The World After Gaza – a short review*

Front cover of the hardback version of The World After Gaza
Pankaj Mishra’s The World After Gaza is a searing indictment of Western complicity in Israeli aggression, exposing the ideological, economic, and political forces that have enabled the destruction of Palestine.

“The war will eventually recede into the past, and time may flatten its towering pile of horrors. But those who watched helplessly from afar, as tens of thousands were killed and maimed, while the powerful applauded or looked away, will live with an inner wound, and a trauma that will not pass away for years.”

Having read Age of Anger and Bland Fanatics, I expected The World After Gaza to be unflinching, but Mishra’s dismantling of Western hypocrisy is even more devastating than I anticipated. He exposes, with precision and fury, the ideological machinery that has enabled Israel’s destruction of Gaza, the racial hierarchies, the political cowardice, the moral collapse of the so-called liberal democracies. This isn’t just about Israel; it’s about empire, about the West’s open embrace of militarism, surveillance, and apartheid, and about the utter indifference to Palestinian suffering.

At the heart of The World After Gaza is a reckoning with history, particularly the political afterlives of the Holocaust. Mishra traces how a historical atrocity that should have fostered a universal commitment to justice has instead been repurposed to justify Israeli expansionism and silence critics of the state. He contrasts Germany’s post-war reckoning with antisemitism with its refusal to acknowledge its colonial crimes in Africa or its current support for Israel’s war on Gaza. He explores how Holocaust memory has been deployed to obscure the West’s own history of genocide, slavery, and empire, ensuring that European guilt over the Shoah translates into unconditional support for Israel, at the direct expense of Palestinian lives.

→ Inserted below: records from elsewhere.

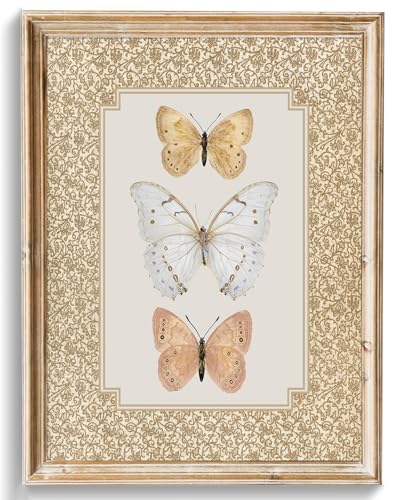 uniro Vintage Wall Art Prints, Retro Neutral Butterfly Canvas Art Prints Painting, Antique Moth Insect Wall Art Picture, Farmhouse Wall Decor Butterfly Drawing for Nursery Bedroom, Dining Desktop, Cottagecore Decor - (8" x 10"-UNFRAMED) - color: Neutral B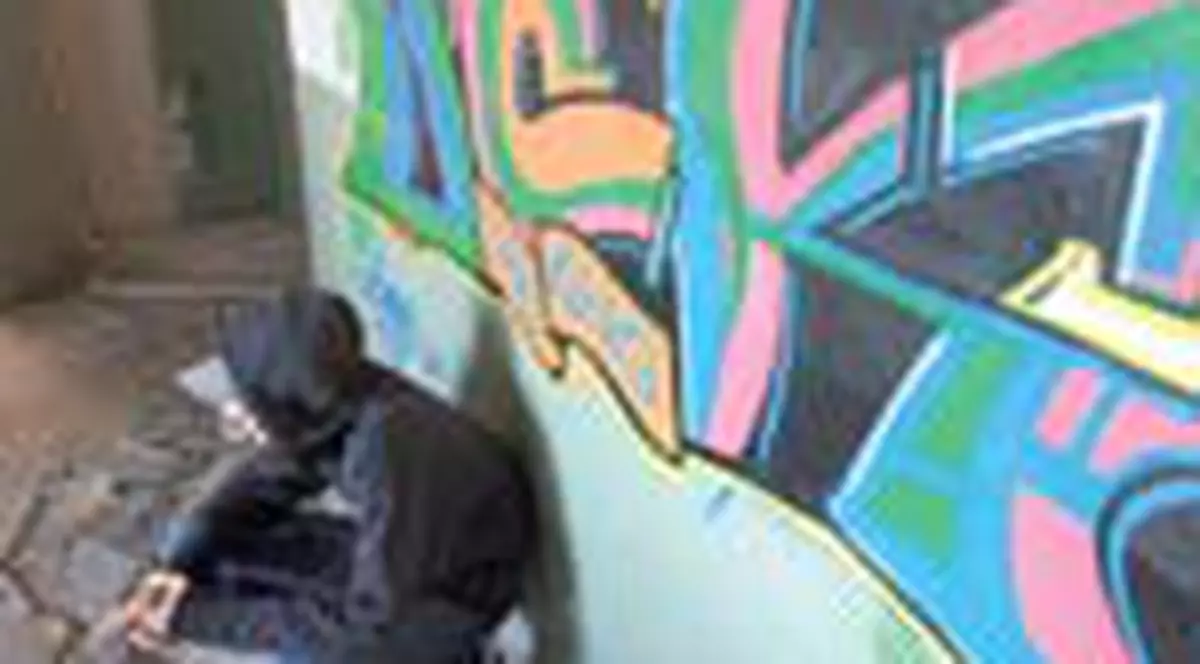 Vopsesc tot ce le pica in mana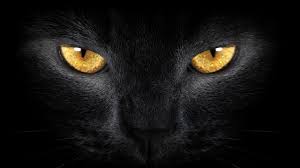 British shorthair (silver with yellow eyes). Black Cat With Orange Eyes Wallpaper 2560x1440 Id 47041 Wallpapervortex Com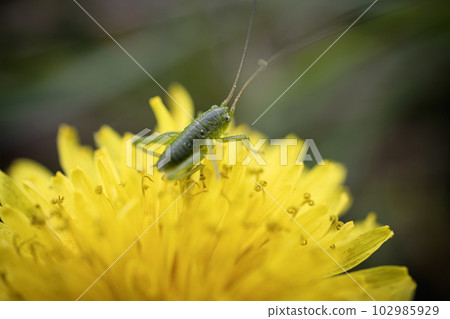 Macro photo of a green grasshopper feeding on a yellow dandelion on blurry green background Macro photo of a green grasshopper feeding on a yellow dandelion on blurry green background 102985929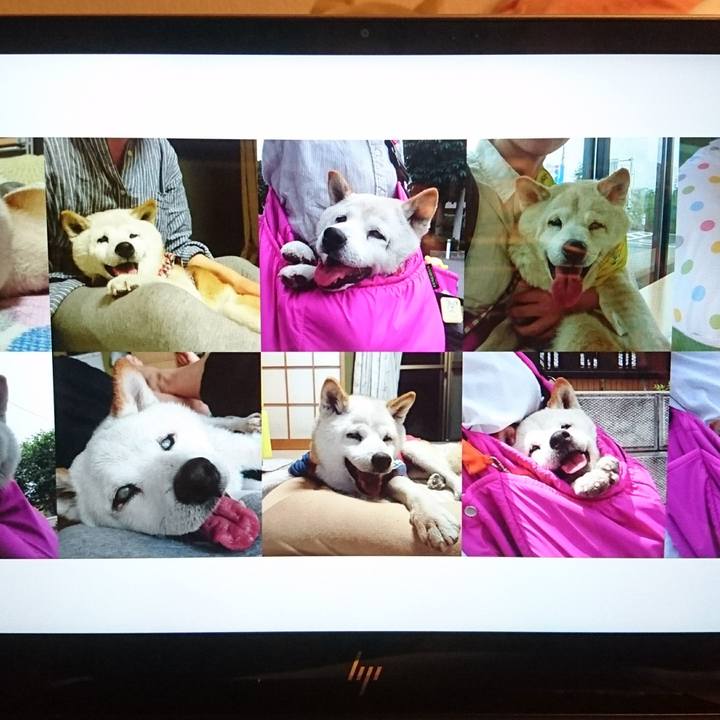 8d69087b 85fa 4fb3 b0b5 42990a35416b 1558568876004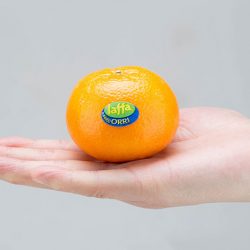 Jaffa Orri Mandarin Orange Fresh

Front cover of the hardback version of The World After Gaza

But Mishra does not limit his critique to Western hypocrisy. He also highlights the Jewish voices of dissent that have been systematically ignored, from Holocaust survivors like Marek Edelman to contemporary historians like Omer Bartov, who have condemned Israel’s actions in Gaza. Even as Western elites claim to honour Jewish memory, they dismiss or suppress those who challenge the official narrative of Zionism as a moral necessity.

“Western leaders declined to admit large numbers of Jewish refugees for years after the revelation of Nazi crimes. Now, in a bitter historical irony, their nations extend limitless moral and military support to an extremist Israeli state that has made ethnic cleansing its official policy.”

Mishra is particularly scathing on the role of Western media, from The New York Times to the BBC, in obfuscating and justifying atrocity. He dissects the passive constructions—Palestinians simply ‘die’ rather than being killed, Israel ‘defends itself’ even as it carries out ethnic cleansing. He lays bare the NYT’s internal directives instructing staff to avoid words like ‘refugee camps’ and ‘occupied territory,’ and the BBC’s grotesque insistence on platforming Israeli propagandists while refusing to describe Israel’s actions as war crimes. Western media, Mishra shows, did not just fail in its duty to report the truth—it became an active participant in the erasure of Palestinian lives, laundering Israeli justifications for mass killing while ruthlessly policing the speech of journalists, academics, and activists who dared to dissent.

“The New York Times instructed its journalists not to use the words ‘refugee camp’ or ‘occupied territory’; the BBC refused to call Israeli atrocities war crimes; and across the West, journalists, academics, and artists faced blacklists, harassment, and dismissal for the crime of acknowledging Palestinian suffering. This was not just media failure. It was (and still is) an active erasure.”

What follows, Mishra argues, may be a new era of reckoning, not just for Israel, but for the entire world order built on imperial violence and racial hierarchies. The war on Gaza has irreversibly altered global politics, deepening the divide between the West and the Global South, exposing liberalism as a hollow facade, and radicalising a generation that has watched Western democracies openly endorse genocide.

There is no hedging here, no space for comfortable moral equivocation. Mishra is relentless in exposing the cynicism of politicians, the duplicity of the press, and the sheer brutality of Western complicity. He captures the raw fury and impotence of those who have watched this horror unfold, as Western leaders smile through press conferences and international law is revealed to be a hollow charade.

But this is more than an indictment; it is an act of resistance. The World After Gaza refuses to let history be rewritten, refuses to let Gaza’s suffering be erased. It is not just a necessary book but a defining one, one that makes it impossible to look away.

*This review was written a few months ago.